In the face of this statutory conundrum, the parties have, not surprisingly, proffered alternate constructions of "gross earnings" in § 12-587. Their disagreement revolves around four issues. First, does the statutory definition of "gross earnings" in § 12-587 have a plain and unambiguous meaning that we must enforce? Second, if the statute requires construction beyond its plain meaning, what inferences should be drawn from its legislative history and the purpose it was intended to serve? Third, what insights do related statutes offer about the legislature's intention in its choice of language in this section? Fourth, to what extent does the statute authorize administrative elaboration of those provisions that cannot readily be applied literally?

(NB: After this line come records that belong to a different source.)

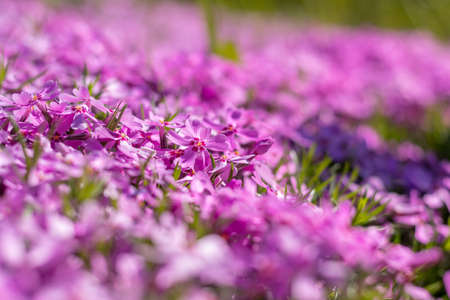Pink tender phlox. Beautiful summer backgroundの写真素材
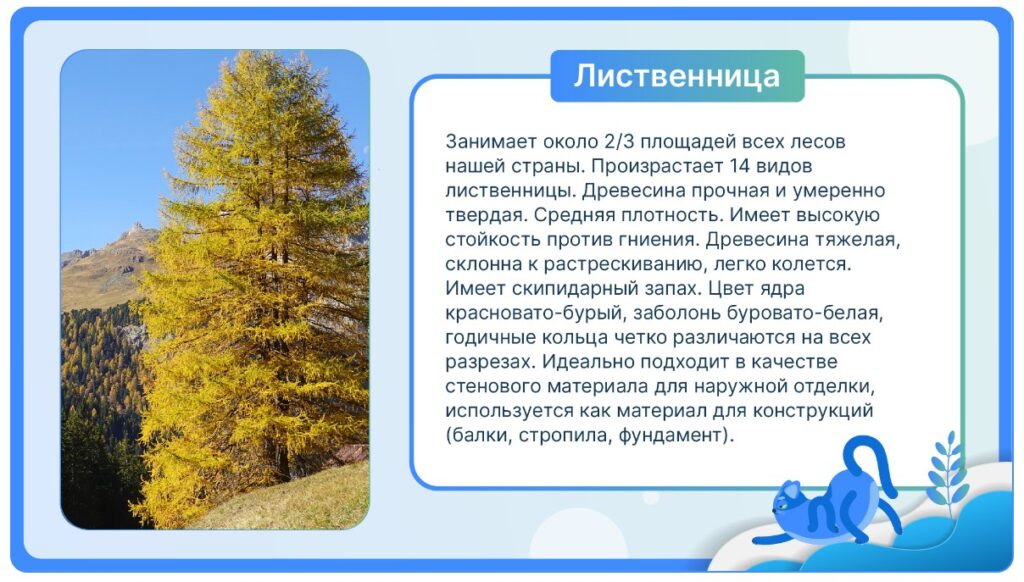Лиственница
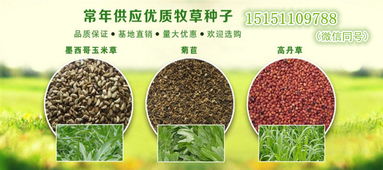 波斯菊种子图片大全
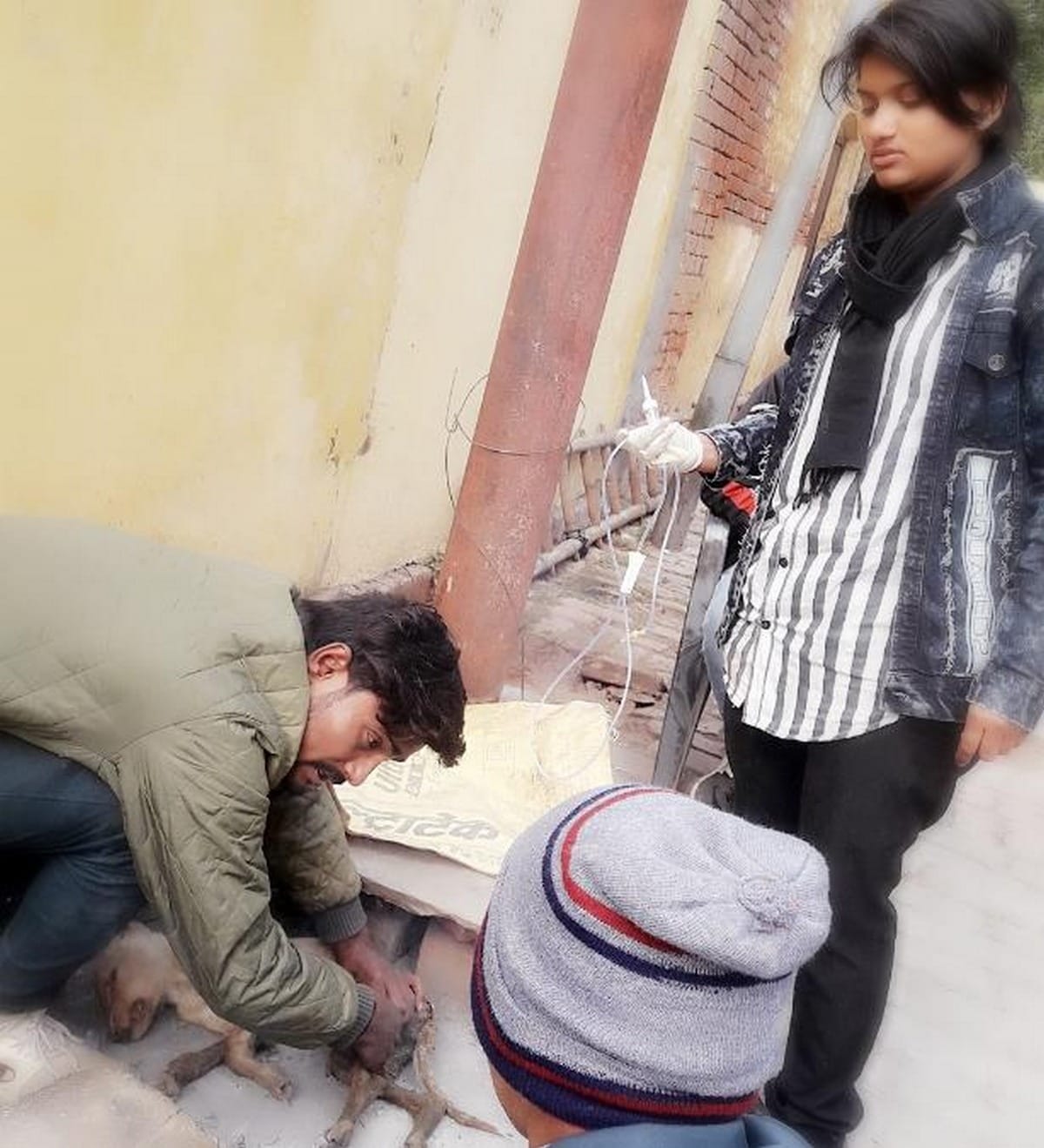 Sonam throws up seeing pain of animals, keeps first aid items of animals in school bags in varanasi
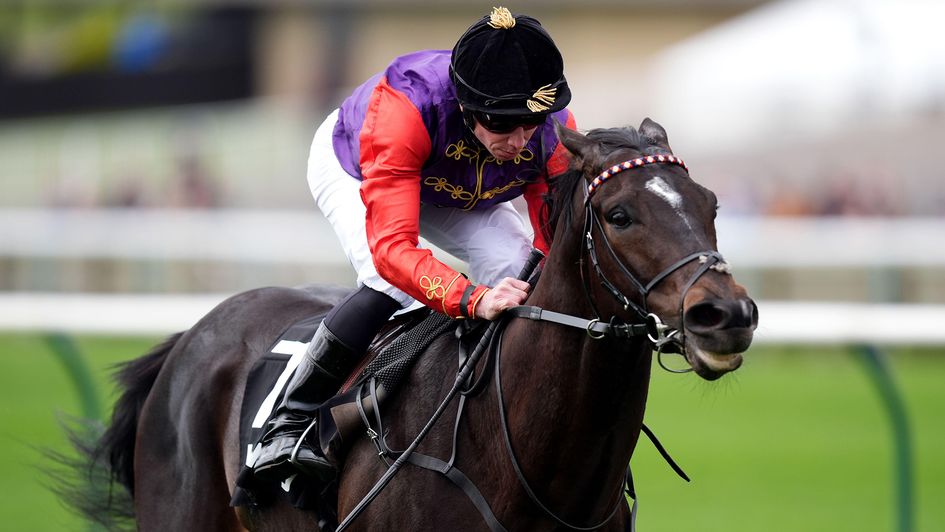 Portcullis makes a deep impression in the Wood Ditton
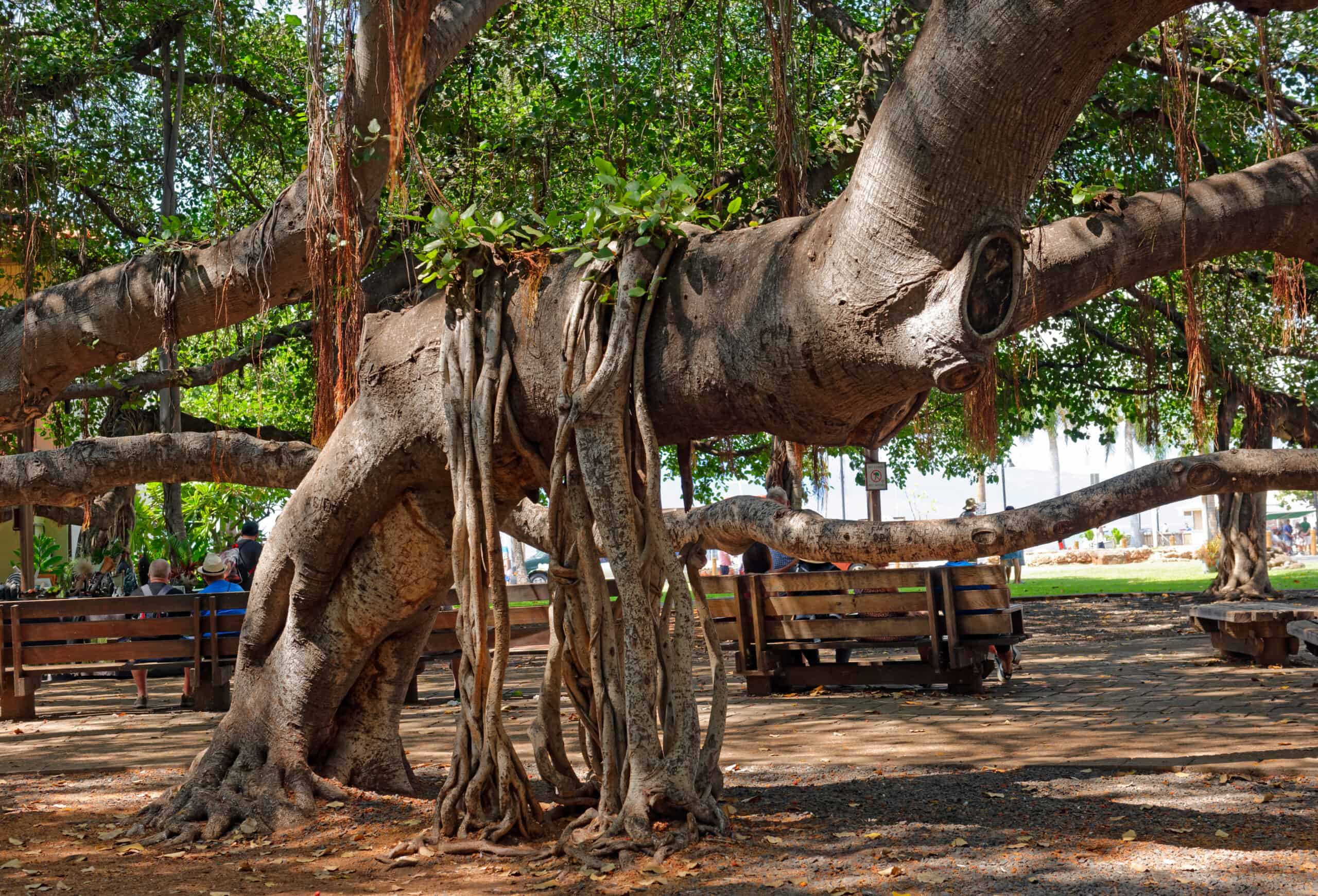 Banyan tree in Lahaina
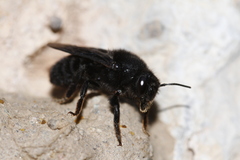Megachile parietina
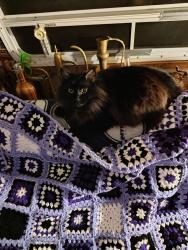 Lost Male Cat last seen Ogrady park, Auburn, WA 98092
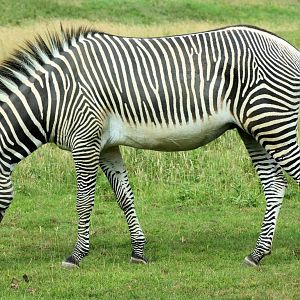 Grevy's zebra;Whipsnade; 27th July 2013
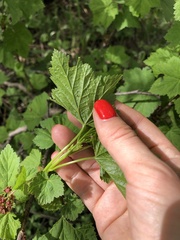 Ribes biebersteinii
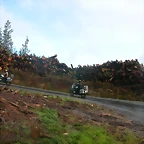 DSCN1573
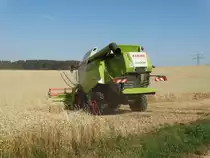 Claas Lexion 630 am 17.07.15 bei Maintal-Hochstadt beim Weizen Dreschen 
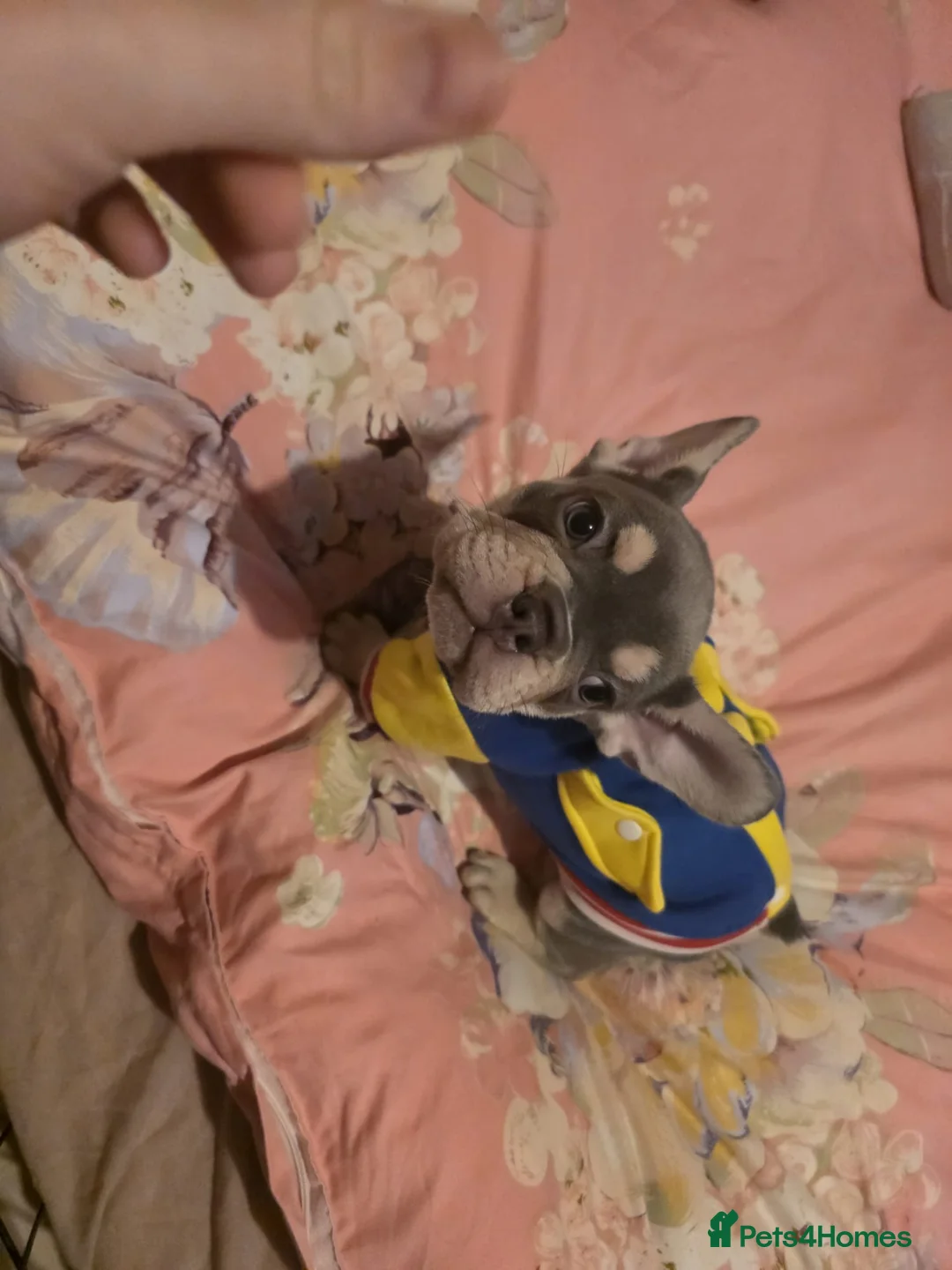 Gallery Image {{count}}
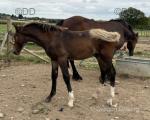 Welsh Section D Colt Foal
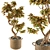 Croton Bonsai: Vibrant Indoor Tree 3D model small image 2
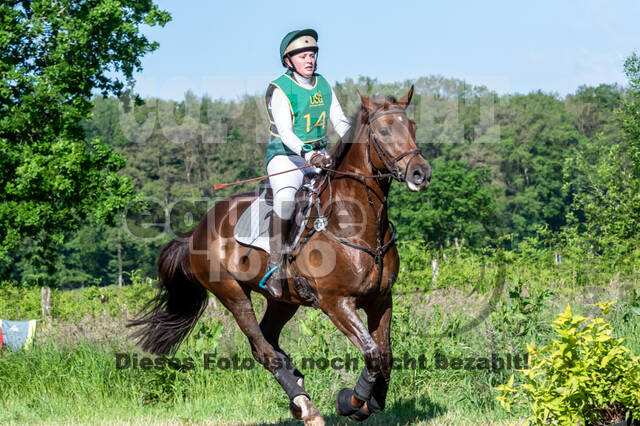 Westerstede Horse Trials (10.-13.06.2021)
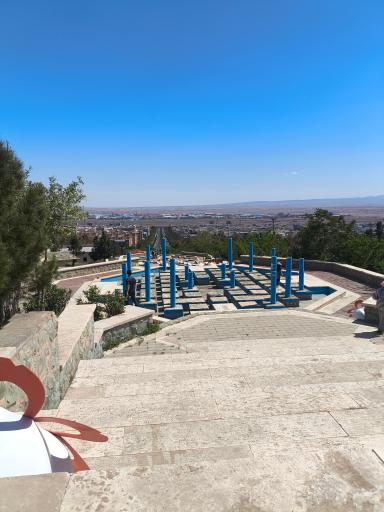 عکس بام پرند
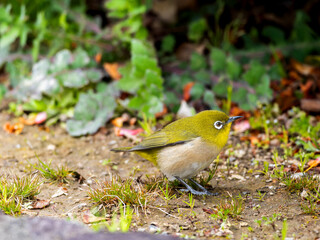 地面の上のメジロ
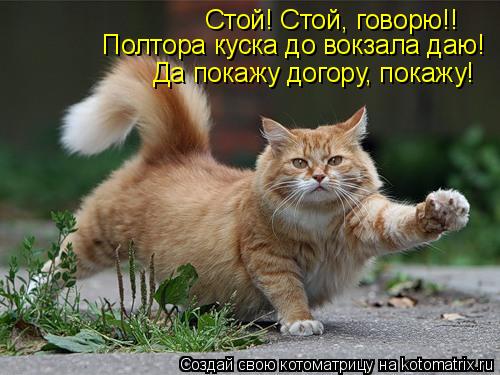 Котоматрица: Стой! Стой, говорю!! Полтора куска до вокзала даю! Да покажу догору, покажу!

The plaintiff's principal argument is that its tax liability is governed by the express language of § 12-587(1) which, it maintains, plainly and unambiguously precludes the inclusion in gross income of the 2 percent tax imposed upon it but collected from its customers. The plaintiff reads the definition of "gross earnings" in § 12-587(1) as containing two component parts, neither of which render this 2 percent charge taxable. Specifically, the plaintiff argues, moneys collected from consumers for taxes are plainly neither "earnings from the sale of petroleum products" nor do they fall within the "net income" to which the § 12-218 sales factor applies. We disagree.

The first half of the plaintiff's statutory argument, on which it relies in passing, cannot withstand independent analysis. What the legislature intended by defining "gross earnings" as "earnings from the sale of petroleum products" can hardly be deemed to be plain and unambiguous on its face. The heart of the disagreement between the parties is how to define the relevant "earnings."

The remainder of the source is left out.